Kuster and fellow U.S. Rep. Carol Shea-Porter, D-N.H., both support a GOP bill that would allow consumers to keep their canceled health plans next year without penalty and also let others sign up. The House is scheduled today to vote on the Keep Your Health Plan Act of 2013, which would allow insurance sold on the individual market today to be offered next year and be exempt from certain requirements under the Affordable Care Act.
Welch was more skeptical of the proposal than his colleagues from New Hampshire.
“The bill that’s offered, it addresses one issue — letting people buy the policies that they have,” Welch said. “But then it creates a problem by perpetuating the ability of insurance companies to sell bait-and-switch policies forever. That’s a big problem.”
As far as the technical problems with the online marketplaces, Welch said the government needed to move aggressively to make it functional. If it cannot do so, he said he would support a “flexible response to the deadline” for enrollment.
“We’ve got to give people time so that they have the full time that was promised for them to review the options,” Welch said. “And to the extent that there’s any governmental delay, we can’t impose that burden on Americans.”
Through a spokesman, U.S. Sen. Patrick Leahy, D-Vt., expressed frustration about “the rocky rollout” of the health care exchanges, but said the low enrollment figures should not be taken for lack of interest by consumers.
“Enrollment numbers are low, but even with the website problems, interest in getting insurance through the new exchanges has been quite high, with nearly a million people already signing up and needing only to pick a plan,” said Leahy spokesman David Carle. “The uncertainty and confusion are creating real problems for people, and there need to be ongoing adjustments. The issues in Vermont are not exactly the same as the issues in other states. The steps the President announced today, and the many bills that have been introduced, are on the table for discussion and deserve a close look.”
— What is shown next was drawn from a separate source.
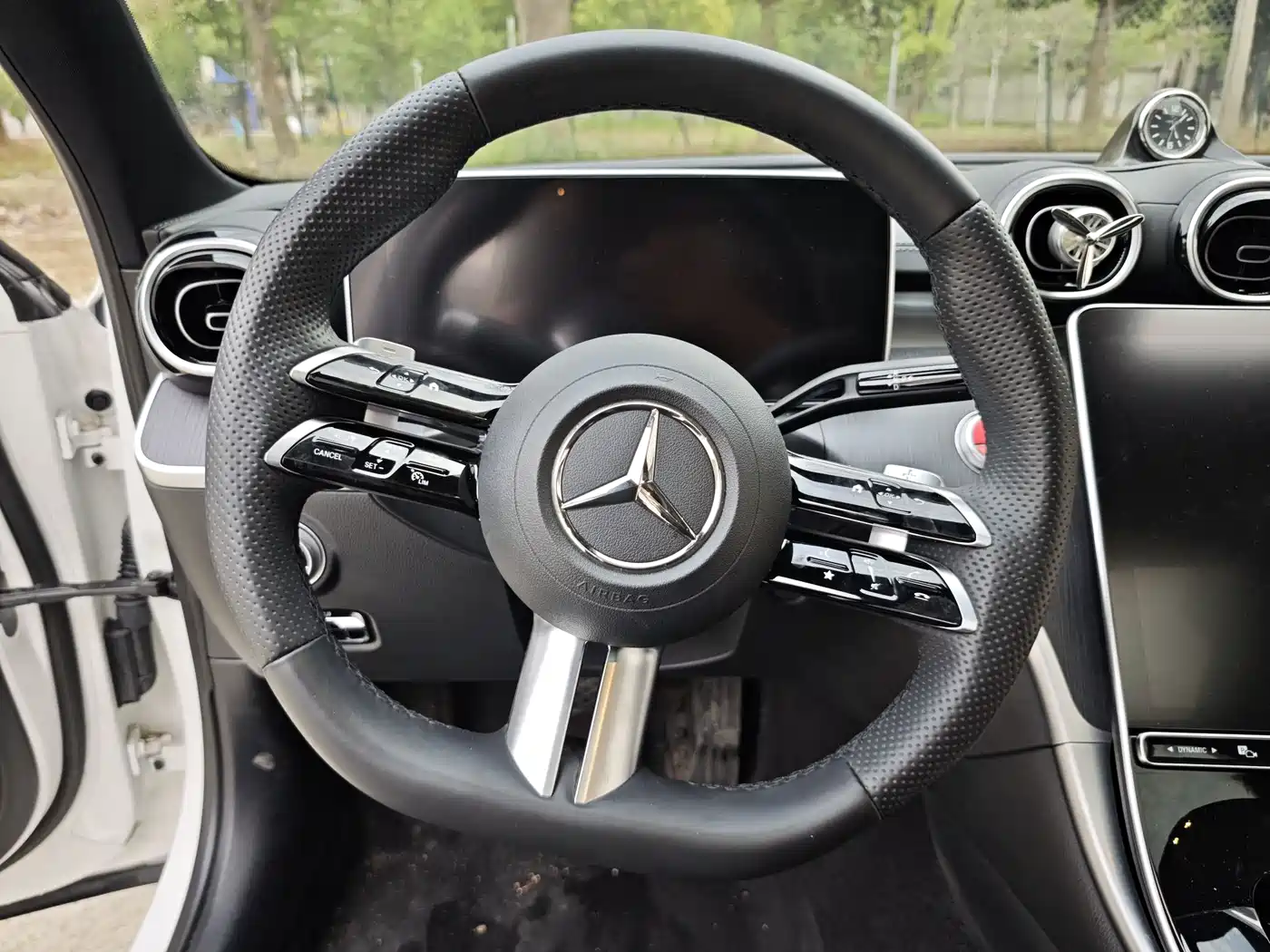 Mercedes-Benz C-Class 2023 Facelift C 200 L Sport Edition фото 18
Shea-Porter said through a spokesman that states such as New Hampshire might have had higher enrollment figures had they opted to design their own marketplace, as Vermont did. Republican lawmakers in Concord had passed legislation last year that prohibited the state from establishing its own marketplace.
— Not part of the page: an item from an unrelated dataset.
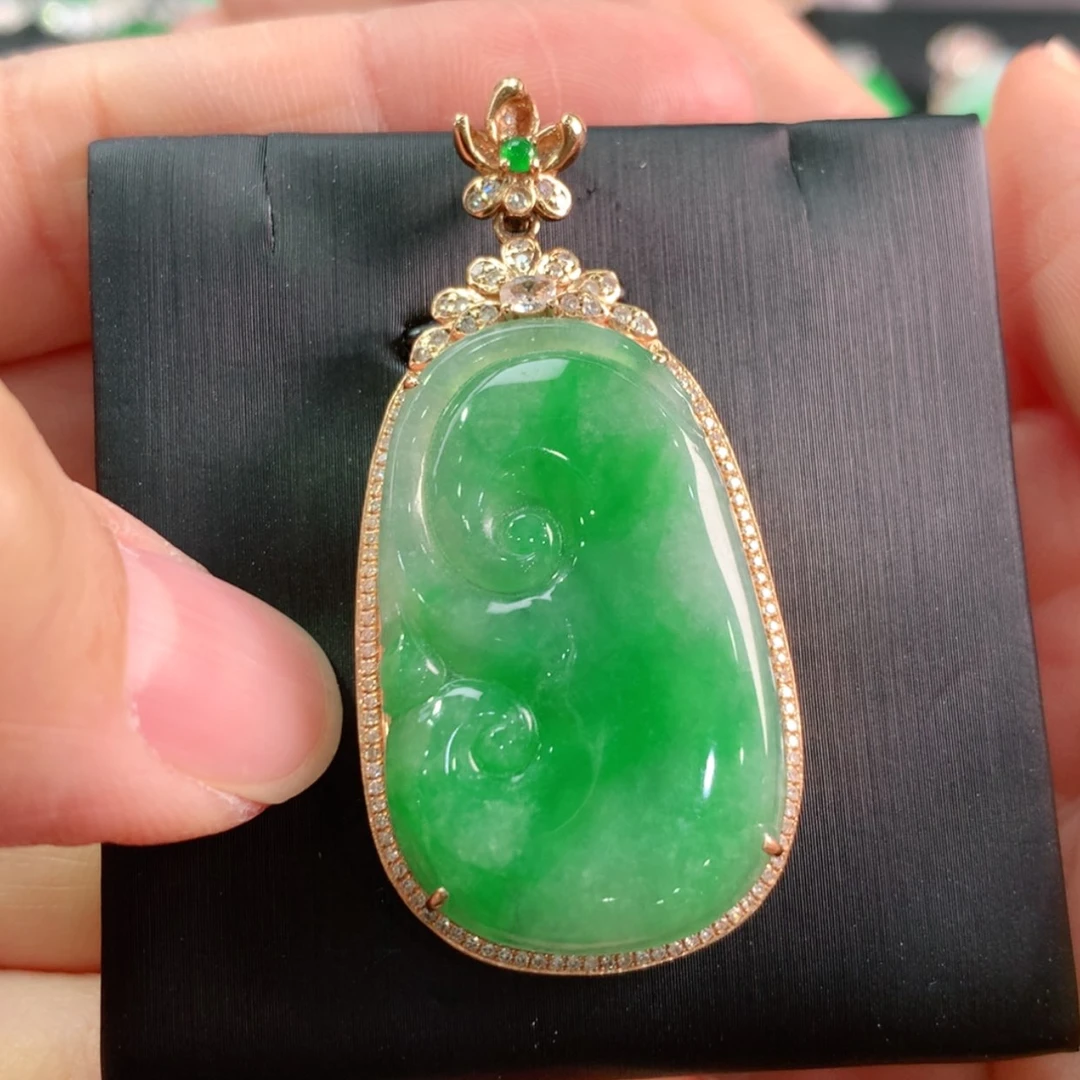 【闪购商品】翡翠颈饰18K金镶嵌天然翡翠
“Due to the inexcusable technical problems with healthcare.gov, the first month’s enrollment numbers were expected to be very low,” Shea-Porter spokesman Ben Wakana said in an email. “It’s unfortunate that the New Hampshire Tea Party blocked a state exchange in 2012, because it is clear that most states that decided to develop their own exchanges had a more successful start than states like New Hampshire with federal or partnership exchanges.”
As the Congress considers delaying deadlines for the Affordable Care Act, state Republican leaders in Vermont have been calling on Gov. Peter Shumlin to push back the state’s employer and individual mandate requiring the purchase of health insurance through VermontHealthConnect.gov. He recently extended by three months the time through which individual and small businesses could retain their current coverage.
Still, state Sen. Joe Benning, R-Caledonia, said he wants the employer and individual mandate to be delayed through next year.
“We just don’t believe this is a system that is ready for prime time,” Benning, whose district includes several Bradford-area towns, said Thursday. “A system that was designed to insure the uninsured is now threatening to uninsure the insured.”